_WHAT IS NEEDED_.
Leave out the pictures and output exactly the lines below from the one with "Hermès Crossbody Bag" down to the one with "A workspace by", both of them included.

_MATERIAL SHOWN_.

===============

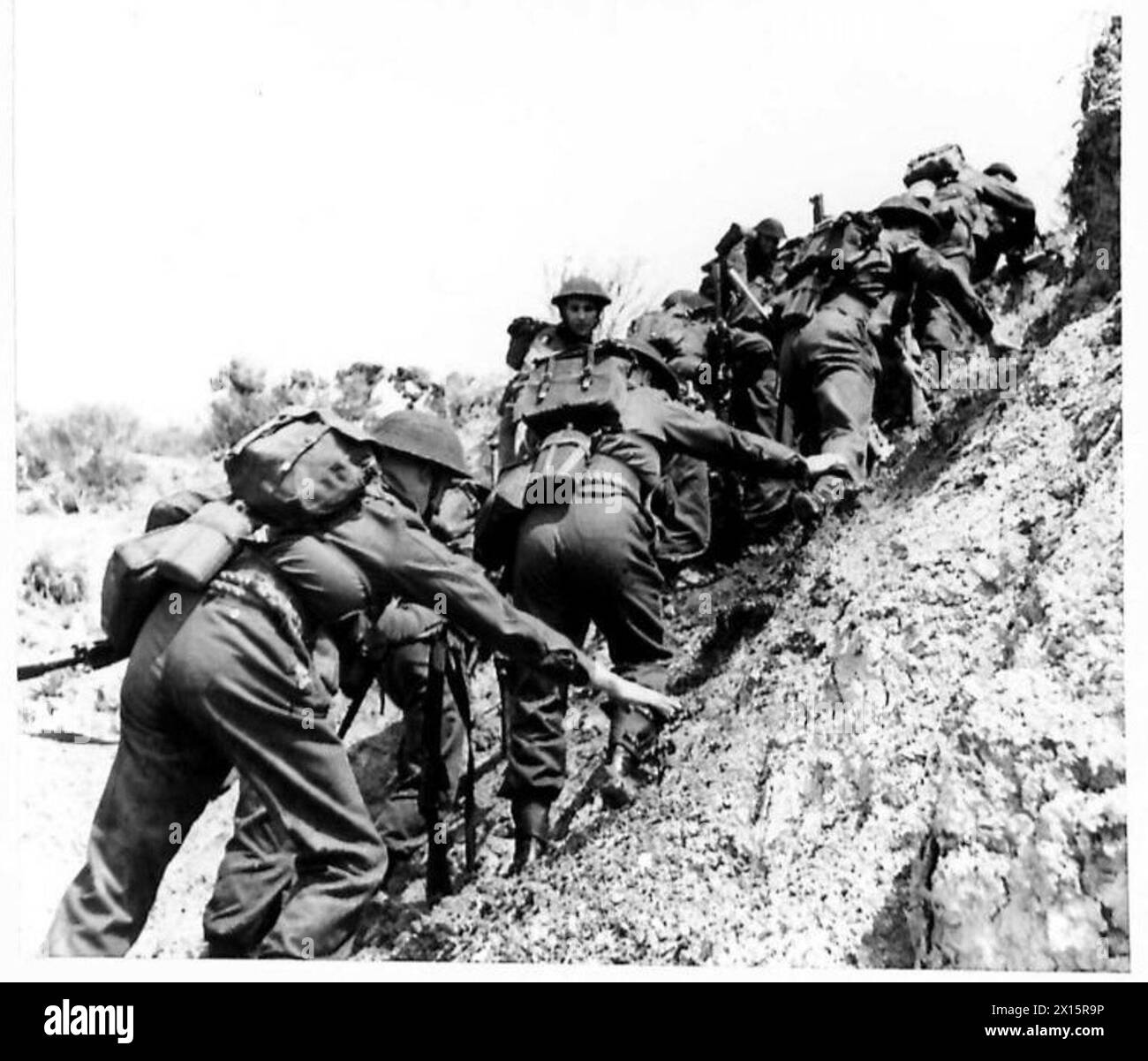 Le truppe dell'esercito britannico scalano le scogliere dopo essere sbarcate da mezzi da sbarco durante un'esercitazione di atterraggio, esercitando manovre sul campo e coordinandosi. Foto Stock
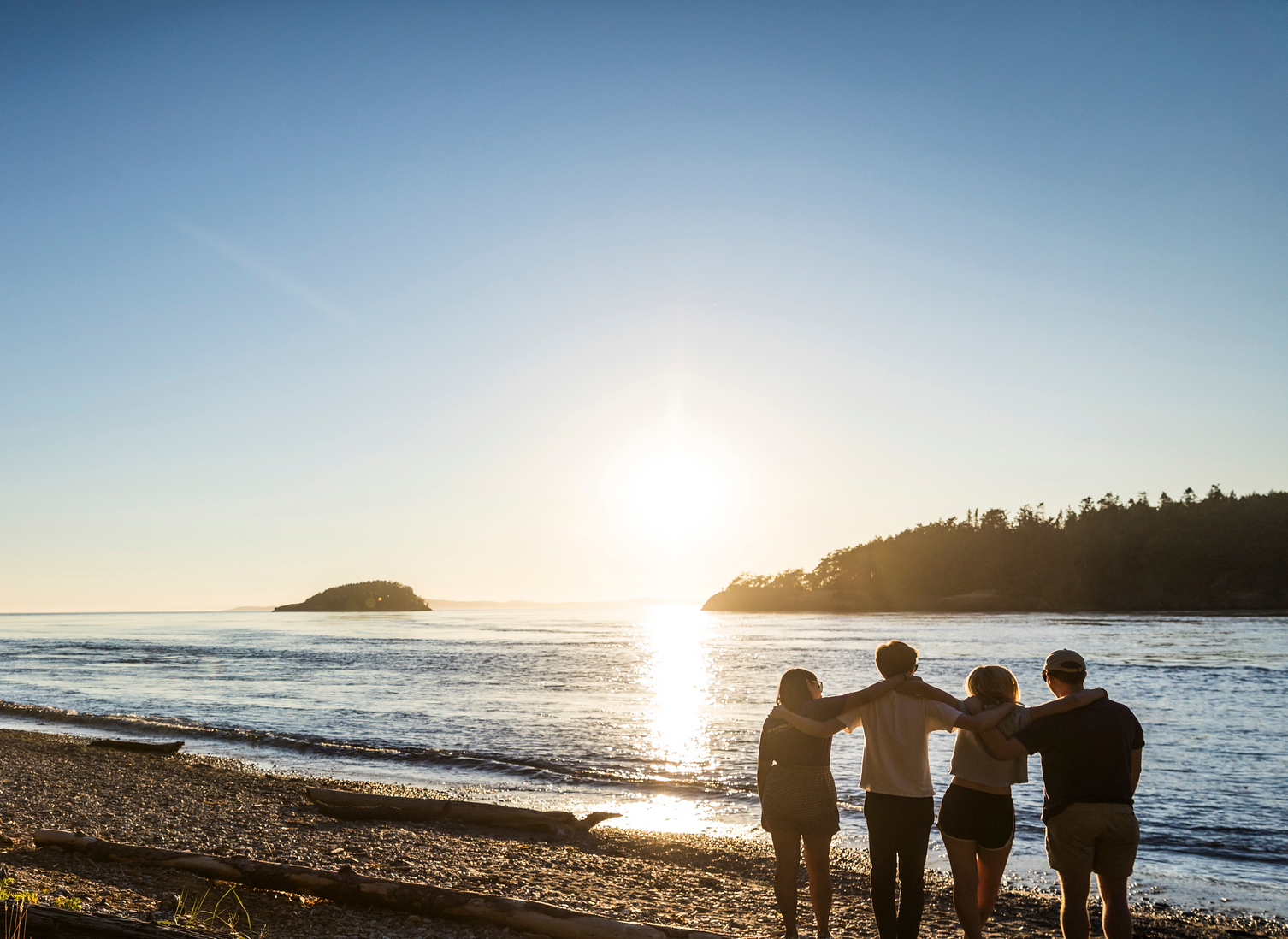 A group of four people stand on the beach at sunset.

===============

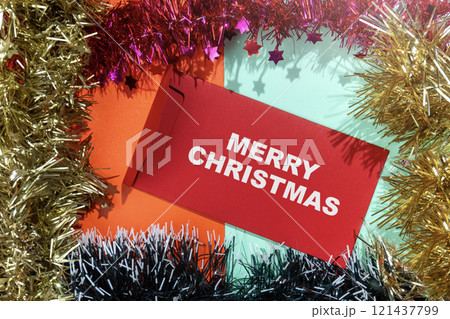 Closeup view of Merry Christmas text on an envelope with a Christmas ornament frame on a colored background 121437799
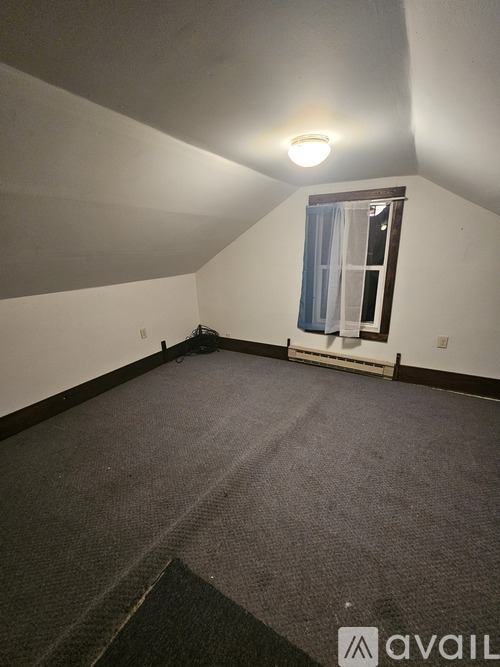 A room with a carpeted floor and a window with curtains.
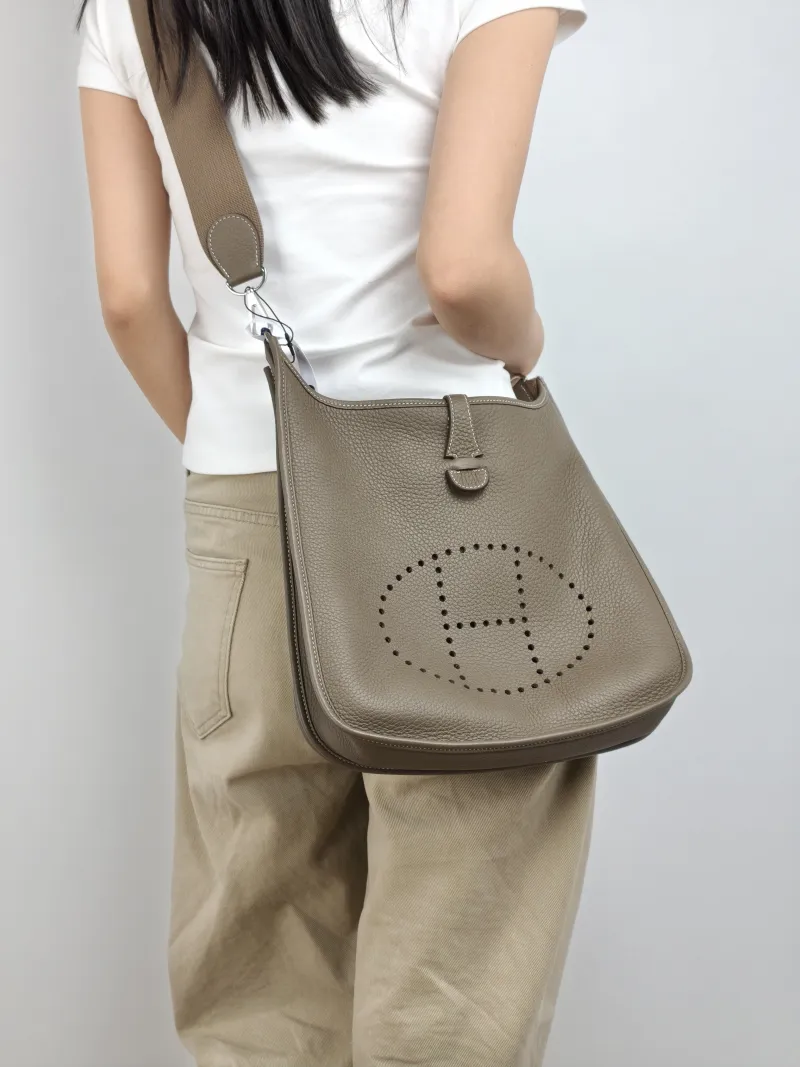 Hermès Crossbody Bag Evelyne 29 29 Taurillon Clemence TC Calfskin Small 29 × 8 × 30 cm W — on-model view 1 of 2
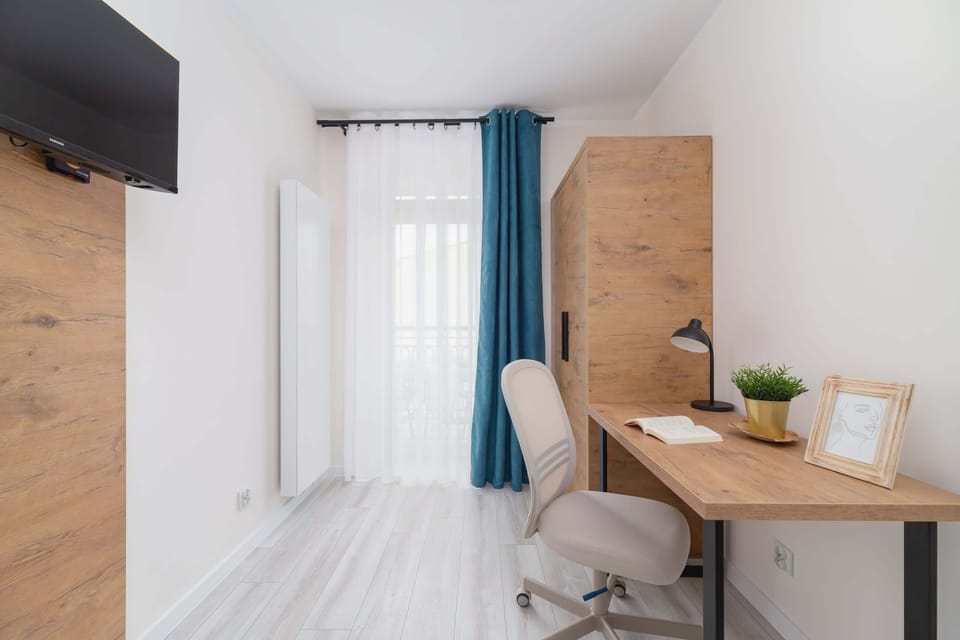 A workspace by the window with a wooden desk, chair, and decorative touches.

===============

_EXERCISE OUTPUT_.
 Hermès Crossbody Bag Evelyne 29 29 Taurillon Clemence TC Calfskin Small 29 × 8 × 30 cm W — on-model view 1 of 2
 A workspace by the window with a wooden desk, chair, and decorative touches.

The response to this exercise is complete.